+++ Records for this task +++

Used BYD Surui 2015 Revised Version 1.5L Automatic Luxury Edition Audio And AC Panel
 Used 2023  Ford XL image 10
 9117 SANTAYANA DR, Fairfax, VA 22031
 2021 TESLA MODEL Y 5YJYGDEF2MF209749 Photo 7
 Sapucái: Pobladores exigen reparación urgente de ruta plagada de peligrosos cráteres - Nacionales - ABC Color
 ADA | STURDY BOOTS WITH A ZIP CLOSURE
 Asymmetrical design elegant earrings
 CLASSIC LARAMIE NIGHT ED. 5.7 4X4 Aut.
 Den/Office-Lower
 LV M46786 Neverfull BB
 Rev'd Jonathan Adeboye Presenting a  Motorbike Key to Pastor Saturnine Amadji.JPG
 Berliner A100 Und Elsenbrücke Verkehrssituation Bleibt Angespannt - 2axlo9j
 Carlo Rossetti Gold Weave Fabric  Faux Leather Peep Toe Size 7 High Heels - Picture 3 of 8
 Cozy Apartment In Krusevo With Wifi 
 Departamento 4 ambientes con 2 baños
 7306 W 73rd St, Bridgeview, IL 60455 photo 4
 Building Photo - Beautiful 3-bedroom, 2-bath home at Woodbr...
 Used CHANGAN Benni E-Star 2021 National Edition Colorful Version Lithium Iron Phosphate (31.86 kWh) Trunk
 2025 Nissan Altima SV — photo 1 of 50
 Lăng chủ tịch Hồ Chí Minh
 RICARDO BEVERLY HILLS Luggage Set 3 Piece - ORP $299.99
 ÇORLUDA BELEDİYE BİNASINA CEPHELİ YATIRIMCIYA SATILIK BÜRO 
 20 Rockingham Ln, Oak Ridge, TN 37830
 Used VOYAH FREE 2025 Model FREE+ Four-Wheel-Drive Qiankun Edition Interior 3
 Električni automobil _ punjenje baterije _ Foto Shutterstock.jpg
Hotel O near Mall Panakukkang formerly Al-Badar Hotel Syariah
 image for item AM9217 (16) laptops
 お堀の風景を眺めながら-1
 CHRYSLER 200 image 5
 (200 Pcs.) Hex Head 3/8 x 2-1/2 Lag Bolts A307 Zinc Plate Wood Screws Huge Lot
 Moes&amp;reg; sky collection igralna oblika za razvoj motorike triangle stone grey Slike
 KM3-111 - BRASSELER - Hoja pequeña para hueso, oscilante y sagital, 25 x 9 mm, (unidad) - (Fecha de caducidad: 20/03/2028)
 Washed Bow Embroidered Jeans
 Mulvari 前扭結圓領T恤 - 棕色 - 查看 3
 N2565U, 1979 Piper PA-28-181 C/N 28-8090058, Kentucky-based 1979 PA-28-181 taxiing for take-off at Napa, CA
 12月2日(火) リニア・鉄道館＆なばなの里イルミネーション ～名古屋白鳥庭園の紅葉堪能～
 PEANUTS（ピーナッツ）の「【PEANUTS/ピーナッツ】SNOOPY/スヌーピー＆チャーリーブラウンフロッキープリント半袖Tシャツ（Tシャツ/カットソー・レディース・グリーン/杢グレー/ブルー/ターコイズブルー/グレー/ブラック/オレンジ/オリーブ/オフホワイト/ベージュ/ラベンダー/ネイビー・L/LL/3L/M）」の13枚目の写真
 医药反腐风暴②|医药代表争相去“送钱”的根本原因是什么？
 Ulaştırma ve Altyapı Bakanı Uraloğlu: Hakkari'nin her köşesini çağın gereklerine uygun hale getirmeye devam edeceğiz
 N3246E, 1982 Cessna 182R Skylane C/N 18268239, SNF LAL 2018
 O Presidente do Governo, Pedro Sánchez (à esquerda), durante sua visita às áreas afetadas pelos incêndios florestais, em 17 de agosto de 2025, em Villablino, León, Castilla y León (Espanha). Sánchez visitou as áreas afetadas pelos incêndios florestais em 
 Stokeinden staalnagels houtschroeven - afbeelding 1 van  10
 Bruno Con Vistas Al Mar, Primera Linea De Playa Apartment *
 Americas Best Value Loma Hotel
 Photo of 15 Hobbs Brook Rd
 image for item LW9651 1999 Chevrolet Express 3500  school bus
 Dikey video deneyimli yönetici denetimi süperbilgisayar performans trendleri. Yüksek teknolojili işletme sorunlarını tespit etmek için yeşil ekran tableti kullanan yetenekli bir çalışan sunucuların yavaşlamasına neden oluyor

+++

▶ What you have to do: Return exactly the lines above from the line that has "ADA | STURDY BOOTS WITH A ZIP CLOSURE" through the line that has "Building Photo - Beautiful", inclusive, and nothing else.

▶ Task output:
 ADA | STURDY BOOTS WITH A ZIP CLOSURE
 Asymmetrical design elegant earrings
 CLASSIC LARAMIE NIGHT ED. 5.7 4X4 Aut.
 Den/Office-Lower
 LV M46786 Neverfull BB
 Rev'd Jonathan Adeboye Presenting a  Motorbike Key to Pastor Saturnine Amadji.JPG
 Berliner A100 Und Elsenbrücke Verkehrssituation Bleibt Angespannt - 2axlo9j
 Carlo Rossetti Gold Weave Fabric  Faux Leather Peep Toe Size 7 High Heels - Picture 3 of 8
 Cozy Apartment In Krusevo With Wifi 
 Departamento 4 ambientes con 2 baños
 7306 W 73rd St, Bridgeview, IL 60455 photo 4
 Building Photo - Beautiful 3-bedroom, 2-bath home at Woodbr...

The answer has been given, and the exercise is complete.